(Stored items)
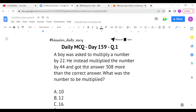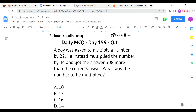The first question: a boy was asked to multiply a number by 22. He instead multiplied the number by 44 and got an answer 308 more than the correct answer. What was the number to be multiplied? We need to form an equation to solve this question.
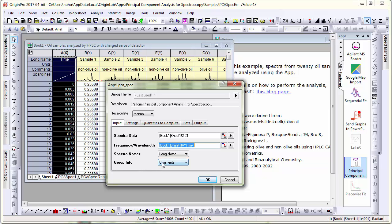I have already set it to comments which is where the information is available to distinguish one sample from another in terms of which group they belong to.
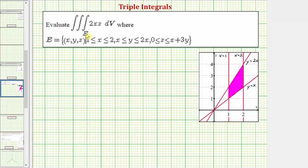We want to evaluate the given triple integral over the region E, where the region E is defined as: x is greater than or equal to one and less than or equal to two, y is greater than or equal to x and less than or equal to two x, and z is greater than or equal to zero and less than or equal to x plus three y.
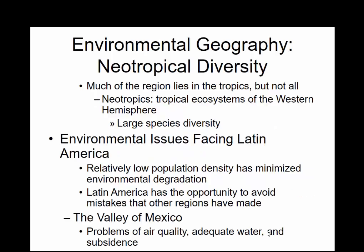When we talk about neotropical diversity, one of the big environmental issues especially facing Latin America — and especially in Mexico — are issues of air quality, water quality, and subsidence. The city itself is actually sinking because of the weight of Mexico City in that valley.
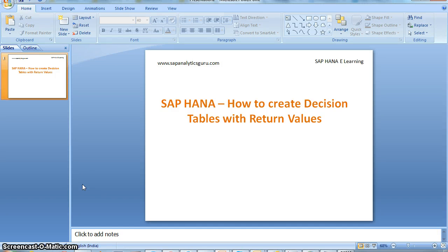Hi everyone, in this video I am going to explain how to create decision tables with return values. As I explained in an earlier video, we have two types of decision tables: one with update values and another with return values. If you want an introduction to decision tables, you can see the first video on how to create decision tables with update values.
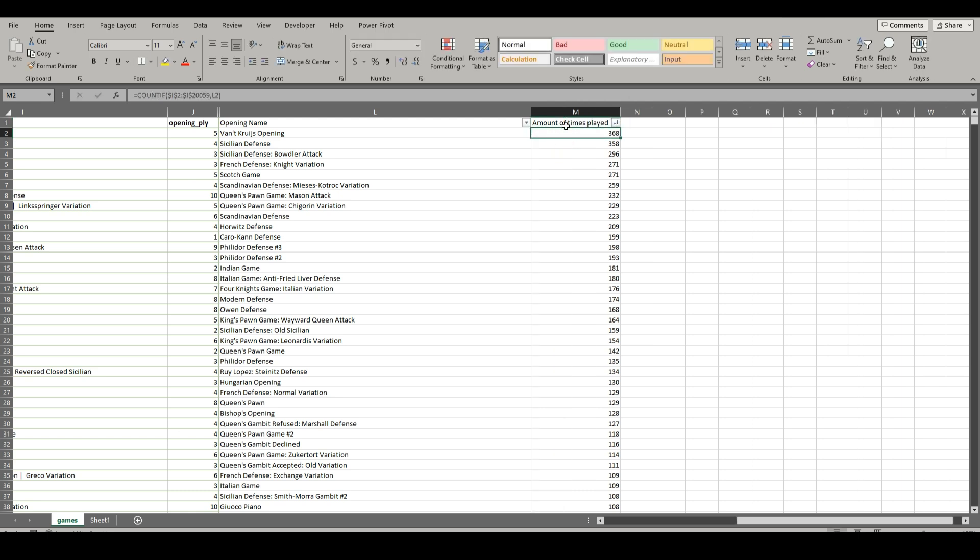And there we go. So now we already finished our first bit of analysis. And this can go on and on for how deep you're digging into the data and what you want to find. That's all I have for you today. Please like, subscribe, and comment if you have any questions. And thanks for watching.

Problem details: Pictures stay out; copy every entry above exactly.

Solution:
The first question: a boy was asked to multiply a number by 22. He instead multiplied the number by 44 and got an answer 308 more than the correct answer. What was the number to be multiplied? We need to form an equation to solve this question.
I have already set it to comments which is where the information is available to distinguish one sample from another in terms of which group they belong to.
We want to evaluate the given triple integral over the region E, where the region E is defined as: x is greater than or equal to one and less than or equal to two, y is greater than or equal to x and less than or equal to two x, and z is greater than or equal to zero and less than or equal to x plus three y.
When we talk about neotropical diversity, one of the big environmental issues especially facing Latin America — and especially in Mexico — are issues of air quality, water quality, and subsidence. The city itself is actually sinking because of the weight of Mexico City in that valley.
Hi everyone, in this video I am going to explain how to create decision tables with return values. As I explained in an earlier video, we have two types of decision tables: one with update values and another with return values. If you want an introduction to decision tables, you can see the first video on how to create decision tables with update values.
And there we go. So now we already finished our first bit of analysis. And this can go on and on for how deep you're digging into the data and what you want to find. That's all I have for you today. Please like, subscribe, and comment if you have any questions. And thanks for watching.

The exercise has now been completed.